Голицын отказался. Он не только не хотел переговоров с Думой, но сообщил, что государь дал ему заранее рескрипт о приостановке заседаний с пропуском на месте числа — поставить можно любое, хоть сегодняшнее. Нет, Думу привлекать к подавлению беспорядков не следует, а то возомнят о себе господа депутаты невесть что, потом с ними не справишься.
Покровский и Риттих вызвались ехать к Родзянке. О компромиссе с Думой говорили и некоторые другие высокопревосходительства. Но Голицын намекнул, что в случае переговоров с Думой и соглашения с ней придется пожертвовать одним из министров, против которого особенно настроена «общественность». Все посмотрели на Протопопова, но он не понял почему. Встал и сказал, что полиции он отдал распоряжение с сегодняшнего утра провести аресты большевиков, оставшихся на свободе членов Рабочей группы и других смутьянов. Списки подготовлены, наряды высланы. Возможно, удастся взять Петербургский комитет большевиков.
Приказ государя стрелять несколько успокаивал: значит, твердо держит власть. Да и то, что он на Ставке, тоже вселяло надежды его единения с армией, открывало возможности карательной экспедиции с фронтов против бунтующего Питера. Немного успокоенные, разъехались. А полицейские чины еще до рассвета начали «ликвидацию» большевистского подполья. Многие, но далеко не все руководители большевиков, были захвачены. В этот день полиция и армия стреляли в демонстрантов на Невском. Но и тактика толпы теперь изменилась. При виде солдат с винтовками люди расходились, прятались во дворах, подъездах, выжидали в переулках.
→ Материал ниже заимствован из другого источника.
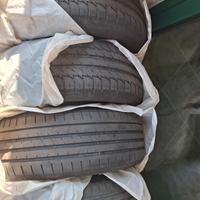 4 gomme Clio 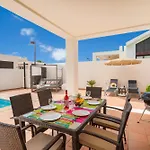 Vila Juabel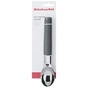 Ложка для морозива KitchenAid Coreline, 21,6 см, сіра (KAS117OHCGG) - зменшене зображення 3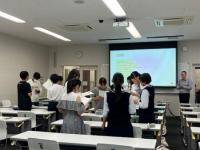 第3回事前学習会の様子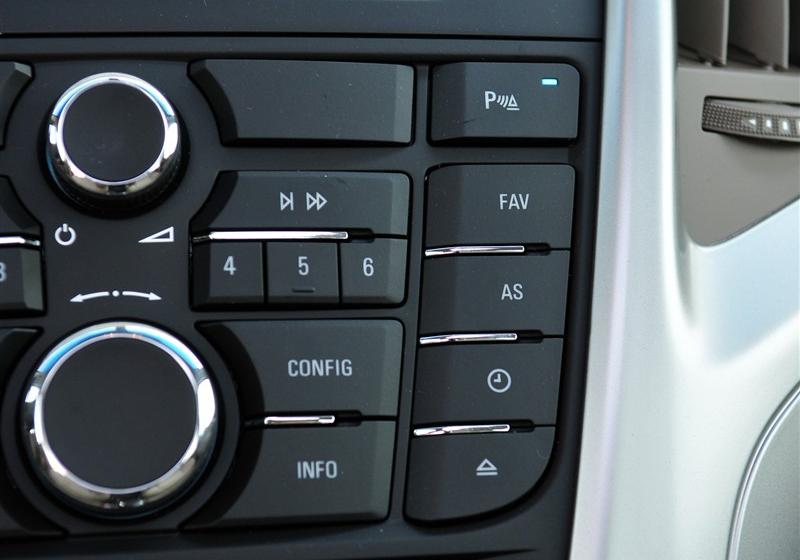 通用別克 英朗 2010款 GT 1.6L 自動(dòng)時(shí)尚版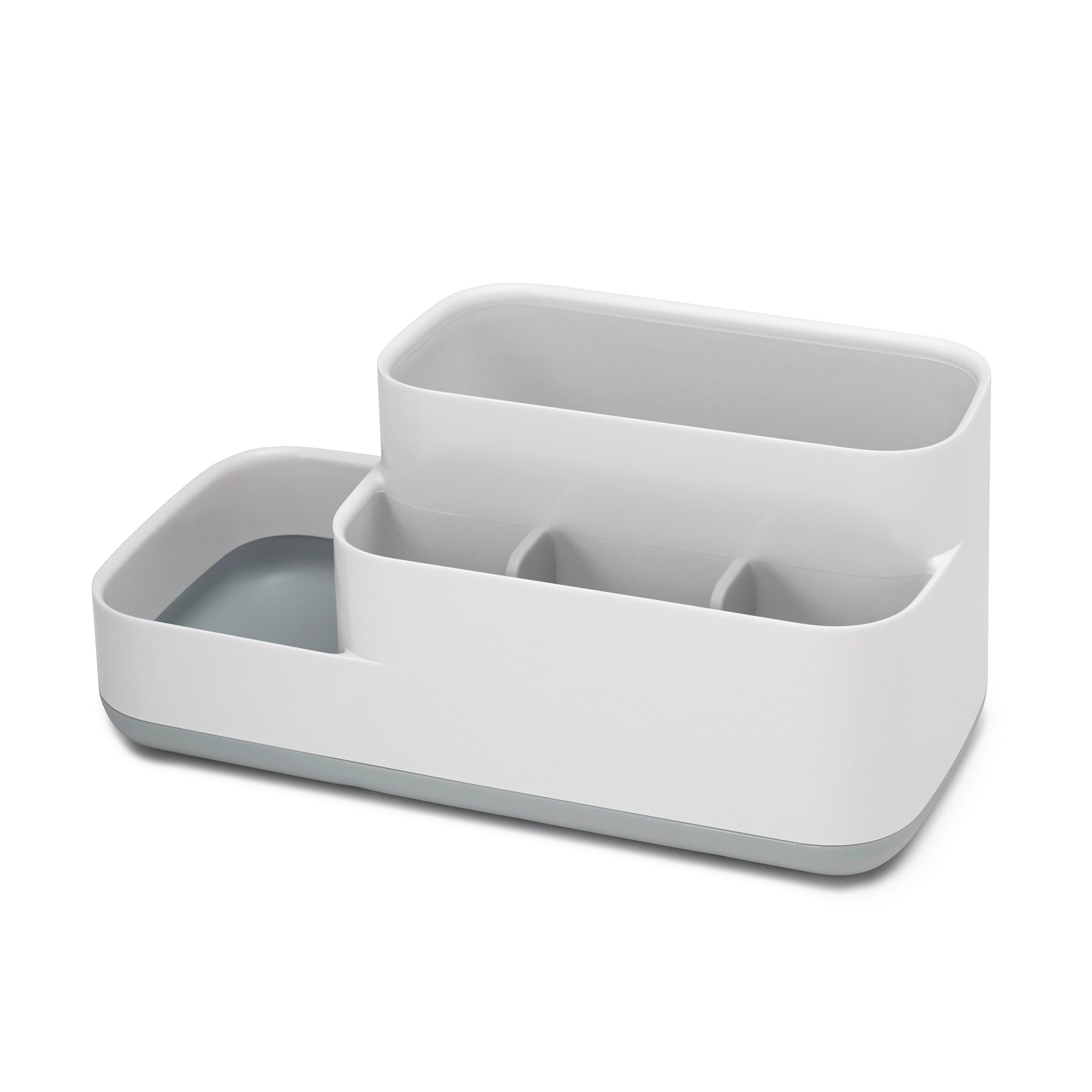 Joseph Joseph - EasyStore Badezimmer-Caddy | grau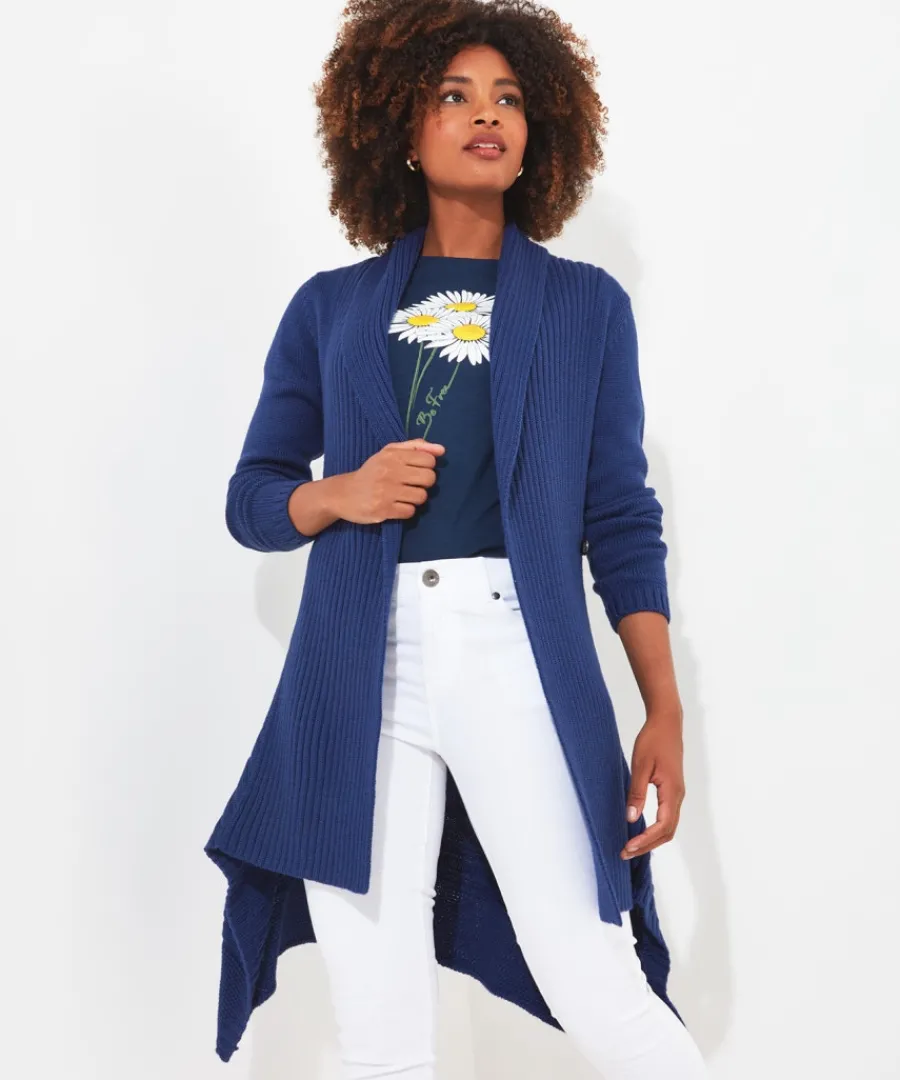 Joe Browns Knitwear & Cardigans<Fabulous Buckle Cardigan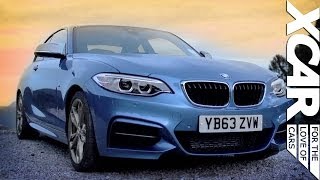 BMW M235i: Who needs an M2? - XCAR screenshot 4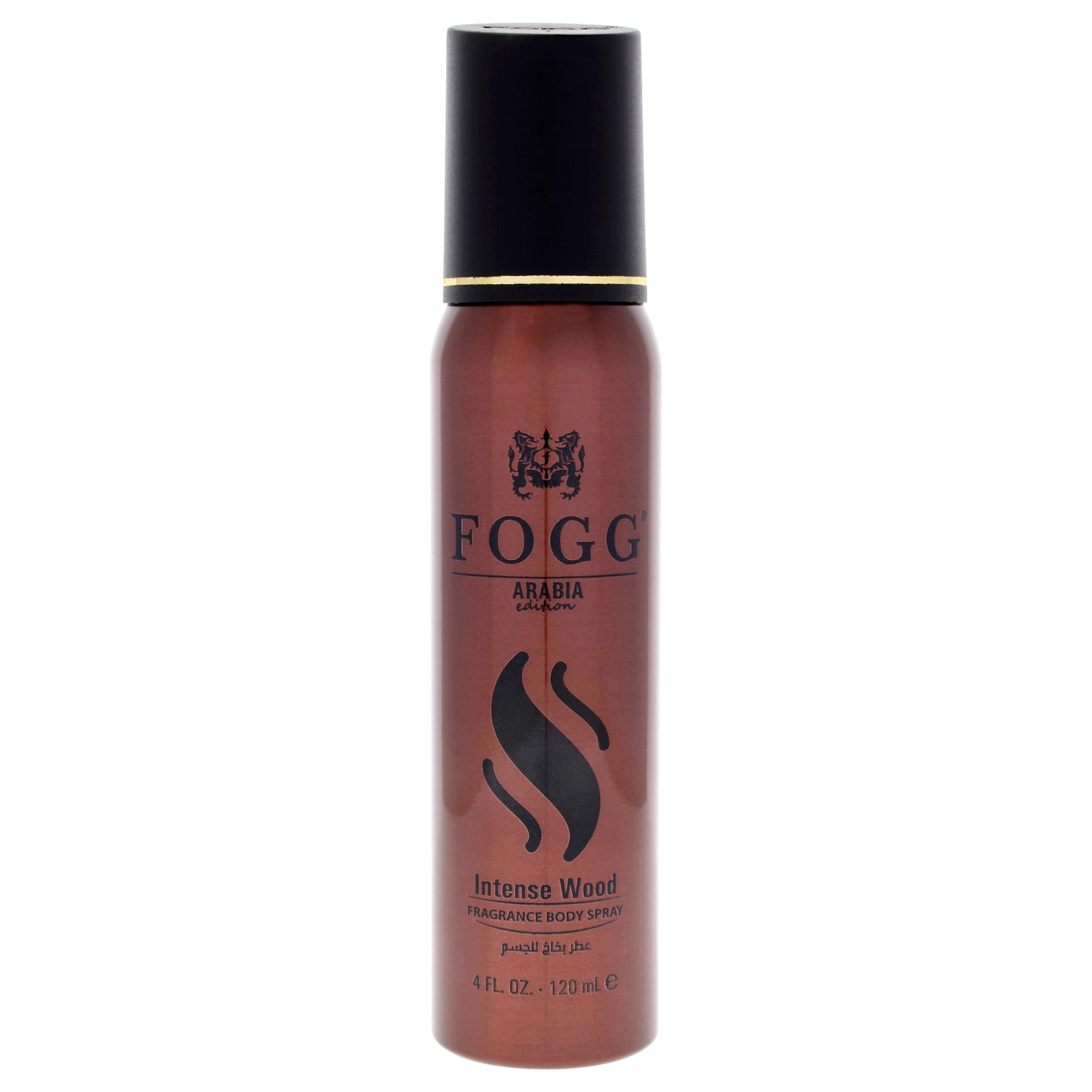 Fragrance Body Spray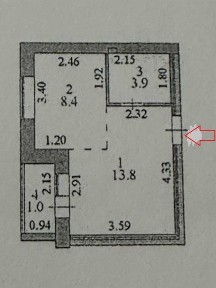 Акмолинская область, Астана, Есильский район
Самые смелые, несмотря на угрозы офицеров, подходили к солдатам, укоряли их, призывали не мешать покончить с голодом и войной. Солдаты оправдывались, унтер-офицеры иногда набрасывались на них и на агитаторов с бранью и угрозами. Но было видно, что общий подъем так велик, что большинство людей на улицах не боялось ни пуль, ни кавалерийских шашек. Да и солдаты стреляли как-то нехотя, лишь повинуясь пока еще железной армейской дисциплине. Некоторые демонстративно палили в воздух, и тогда к ним подскакивали офицеры, вырывали оружие из рук и злобно стреляли в толпу…
В настроении солдат наметился перелом. Против полиции и властей выступила 4-я рота Павловского полка. А дело было так.
Когда 4-я рота узнала, что несколько рот полка в этот день участвовали в расправах над демонстрантами, солдаты возмутились. Павловцы стреляют в народ!
Рота квартировала отдельно от полка, потому что в казармах было переполнено, и солдатам отвели место в зданиях Конюшенного ведомства. Два десятка павловцев, связанных с рабочими и знавших правду о том, что происходит на улицах, распропагандировали остальных. "На улицу!" — раздался клич.